Ahead of its full programme launch on July 6, the Edinburgh International Film Festival (EIFF) has announced that its opening film will be Silent Roar by first-time Scottish director Johnny Barrington.

Shot entirely on location on Lewis and billed by EIFF as “a teenage tale of surfing, sex and hellfire”, it tells the story of Dondo, a young surfer grieving the recent loss of his father at sea who falls in with Sas, a rebellious girl in his class at school.

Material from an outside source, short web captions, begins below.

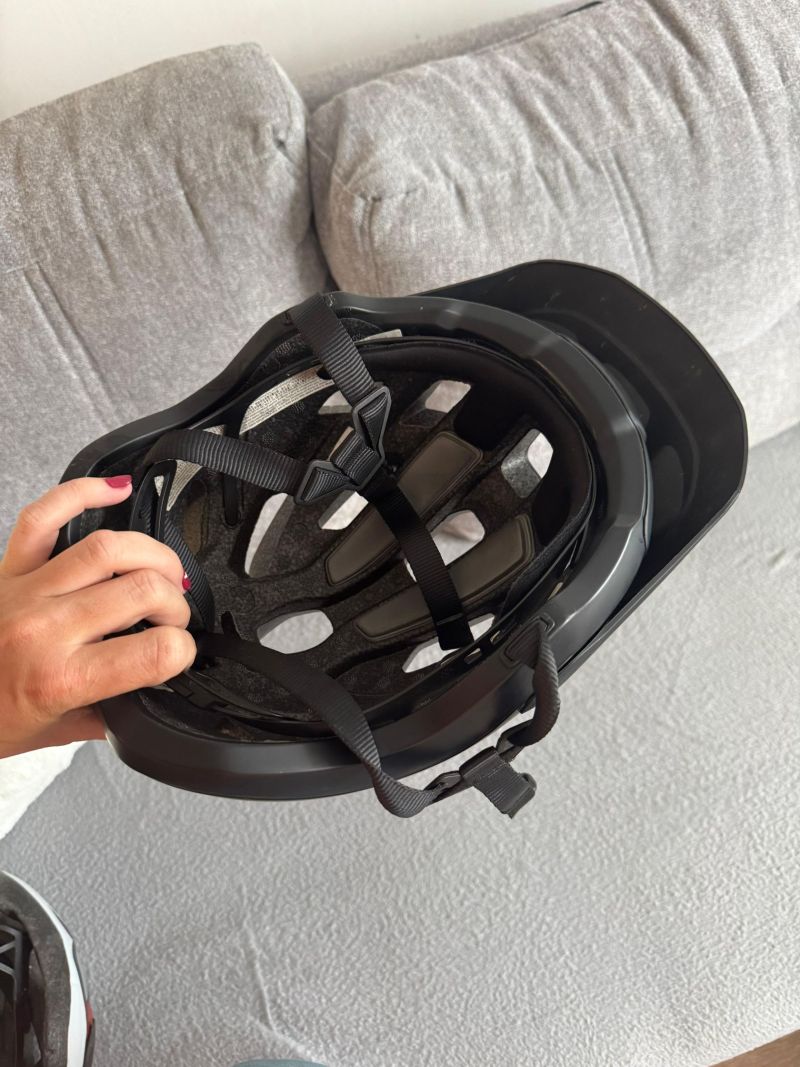 Cyklistická helma Rockrider 55 - 59 cm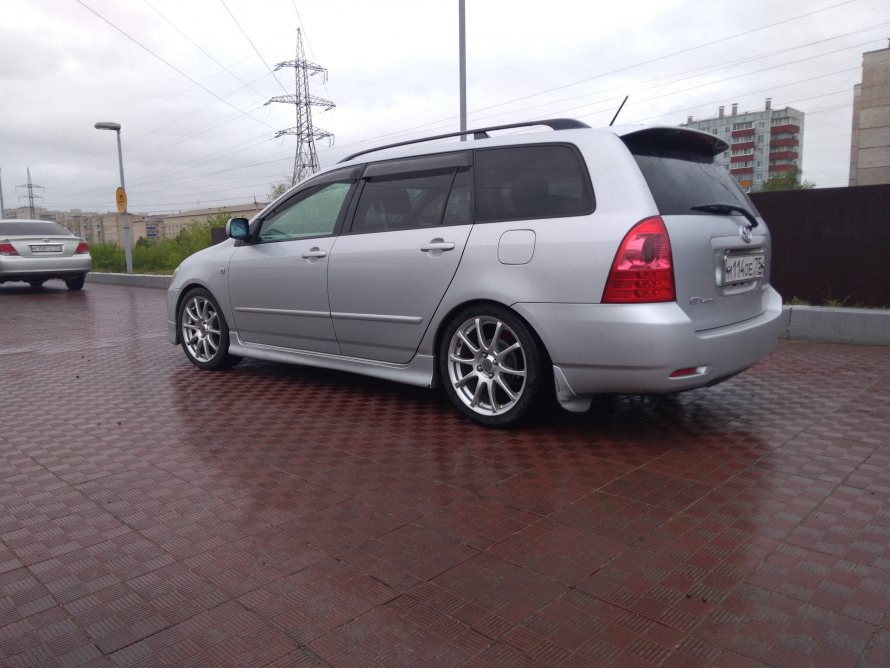 Fielder 121 кузов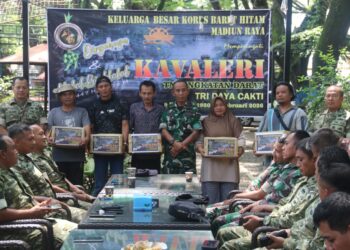 Prajurit Kavaleri TNI AD di Madiun Raya Tunjukkan Soliditas Lewat Aksi Sosial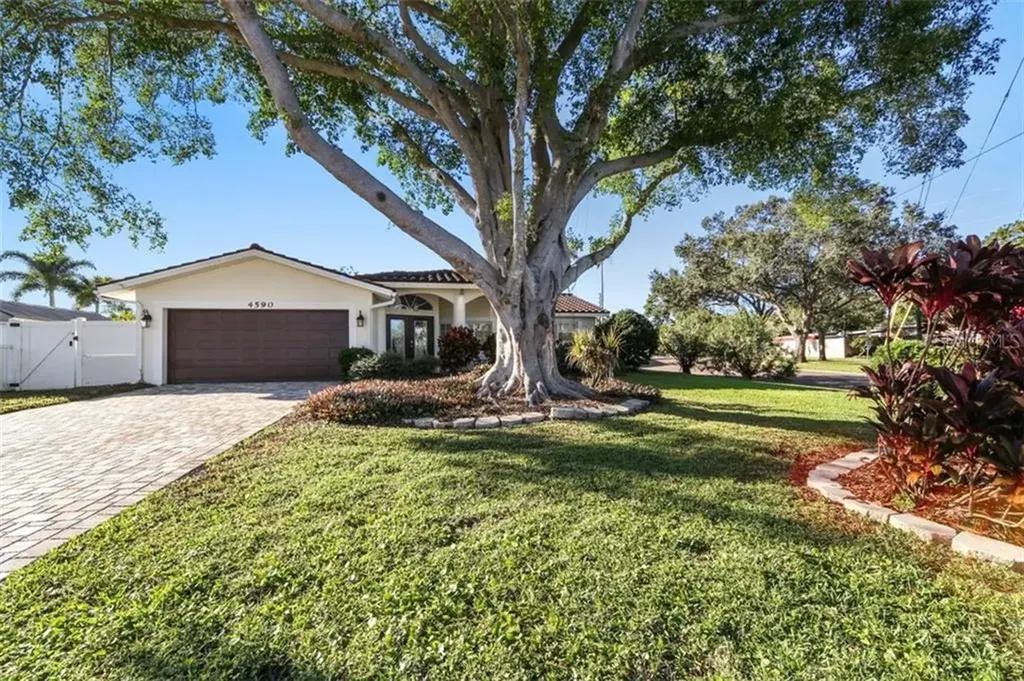 4590 Shore Acres Boulevard NE St Petersburg FL 33703
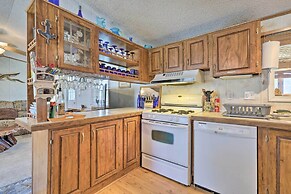 Quaint Chincoteague Island Hideaway w/ 2 Porches!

When a Minister arrives on the island, Dondo begins to experience strange visions.

Louis McCartney and Ella Lily Hyland star, and the film is produced by Skye-based Young Films, run by Scottish film veteran Chris Young and the company behind The Inbetweeners Movie. Extra backing came from Screen Scotland, BBC Films and the British Film Institute, and the score is by acclaimed composer Hannah Peel.

“I’m delighted for Silent Roar to have its world premiere at EIFF, and start its life from a festival and a city so close to my heart,” said Mr Barrington. “The film is a fun ride into surfing, death and the cosmos and awkward high school memories from the 1990s. The shoot was the best time of my life, with the best cast and crew in the world sweating creative blood … What formed is a story well wadded with ineffable nonsense, tears and laughter.” 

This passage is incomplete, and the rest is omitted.